Redis vs. RAMCloud
Redis is a key-value store that keeps all data in memory, so in many ways it looks pretty similar to RAMCloud. This page compares RAMCloud to Redis.
Data Model
Redis has a richer data model than RAMCloud. For example, in addition to the simple get-set semantics provided by RAMCloud, Redis also provides the following operations:
- Atomic increment (RAMCloud provides this as well).
- Treat values as sets: add to set, remove from set, union, etc.
- Treat values as sorted sets: each element in a set has a "score", which can be used to order the elements.
- Treat values as lists: push, pop, index, range, etc.
- Treat values as bit strings (e.g. count "on" bits).
- Treat values as hash tables.
- Transactions involving multiple operations.
- Publish-subscribe
- Expiration times for objects.
Performance
Redis appears to have throughput of 100K-1M operations/second, which is in the same ballpark as one RAMCloud server. Latency for reads appears to be in the range of 200 microseconds (using 1Gb Ethernet). RAMCloud latency is much faster (5us for reads, 15us for writes), but only with faster networking technologies. With 1Gb Ethernet, RAMCloud is still faster than Redis but less than 2x faster.
Scalability
Redis appears to have been optimized for single-server deployments. If the system scales beyond a single server, then data must be partitioned among the servers:
- Both range partitioning and hash partitioning are supported
- Partitioning can be handled by having clients choose the correct server, by forwarding all requests to a proxy that retransmits to the appropriate server (with additional latency), or by sending requests to a random server, which then redirects them to the right server (again, with a latency penalty).
- Several of the Redis operations do not work in a partitioned world, such as multi-object transactions.
- Overall, it looks like scaling introduces problems both with performance and with the data model.
RAMCloud was designed and optimized for scale (hundreds or thousands of servers). All of RAMCloud's (admittedly simpler) operations work at scale, and performance is not impacted. Scaling in RAMCloud is transparent: clients do not need to be aware of the size of the system.

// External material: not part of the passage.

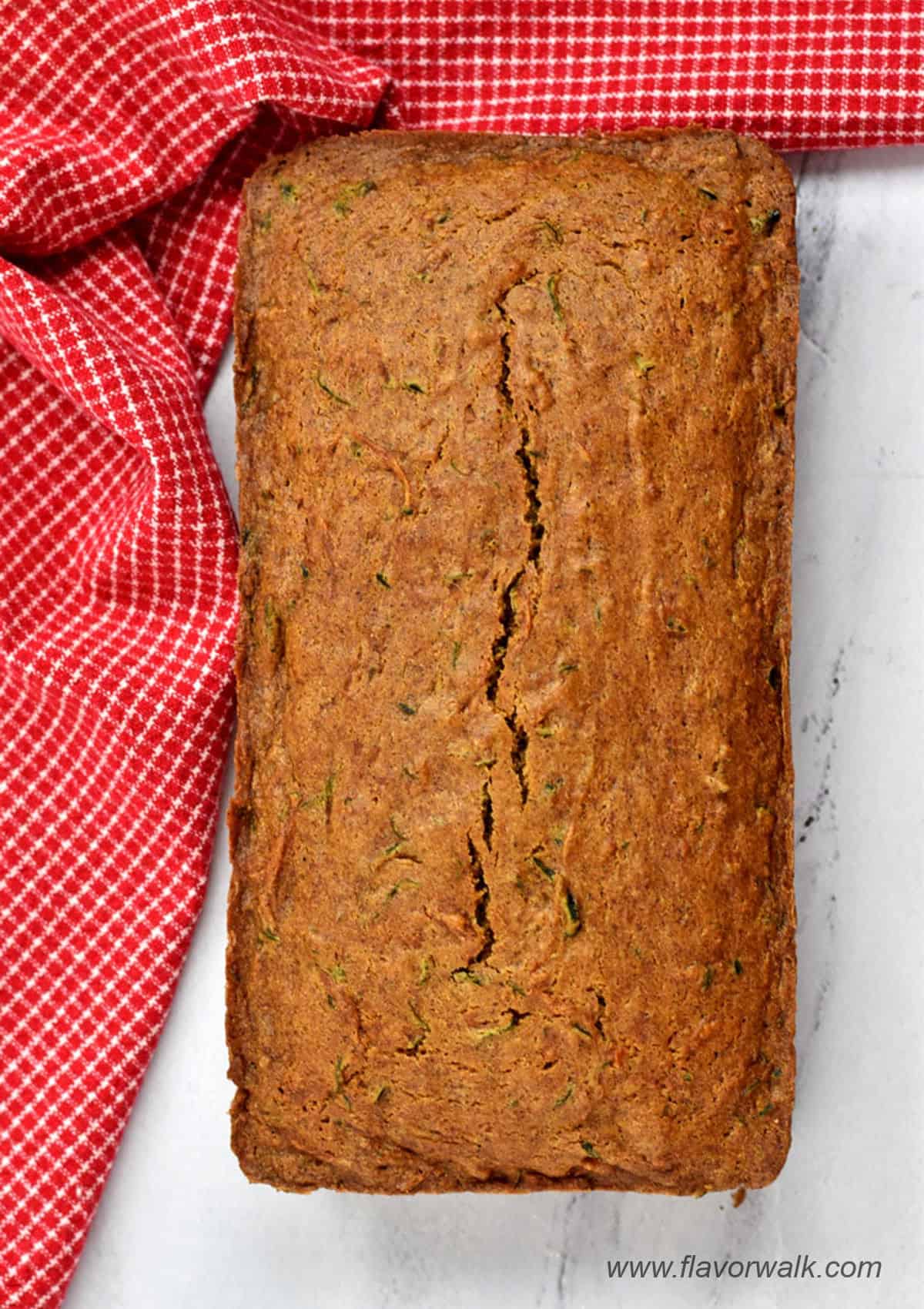 A loaf of gluten free zucchini bread and a red and white kitchen towel on the counter.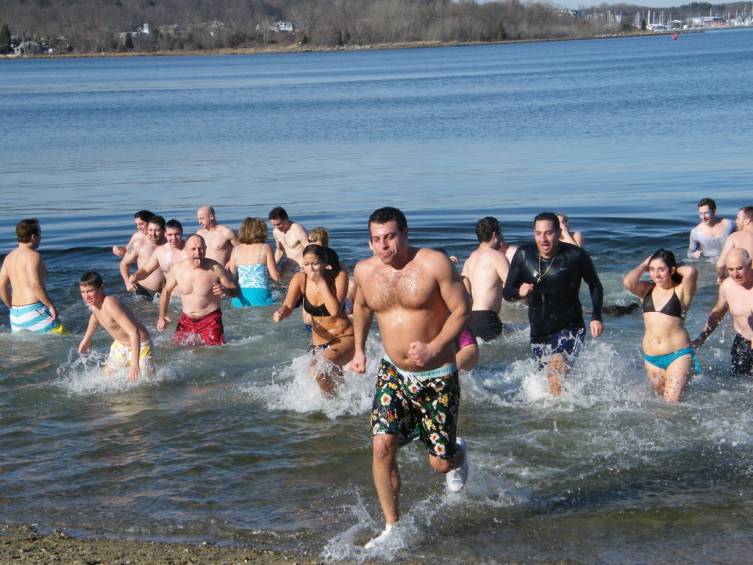 BRRRRR: Daring swimmers emerge from the water after taking a New Year's Day plunge at the Frozen Clam.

In some ways, RAMCloud gets better as it gets larger: for example, crash recovery from a failed server gets faster as the cluster size increases.
Durability
Redis' durability model is relatively weak:
- It offers both snapshotting and operation logging, but in most cases data will be lost after crashes (even with logging enabled, the logs typically are not flushed synchronously during each operation, resulting in some data loss after crashes). The only way to eliminate loss of data is to use logging with the most conservative flushing mode (sync before responding to client); this introduces a large performance penalty, and it sounds like it's not normally used.
- Redis offers master-slave replication, but it isn't synchronous, so data can be lost during crashes. It's unclear whether there is automatic failover after a master crash.
- Scaling introduces administrative hassles: each server's backup data must be managed separately.
RAMCloud provides better durability:
- Automatic replication, crash recovery, and fail-over (no loss of availability if a server fails)
- Stronger durability guarantee: data is always replicated and durable before operations return, without significant performance hit (subject to the requirement for persistent buffers on backups).
- No administrative issues for scalability.
Consistency
It does not appear that Redis provides linearizable semantics for operations; the behavior of operations may change in the face of server crashes and restarts.
RAMCloud is designed for full linearizability: crashes and restarts do not affect client-visible behavior.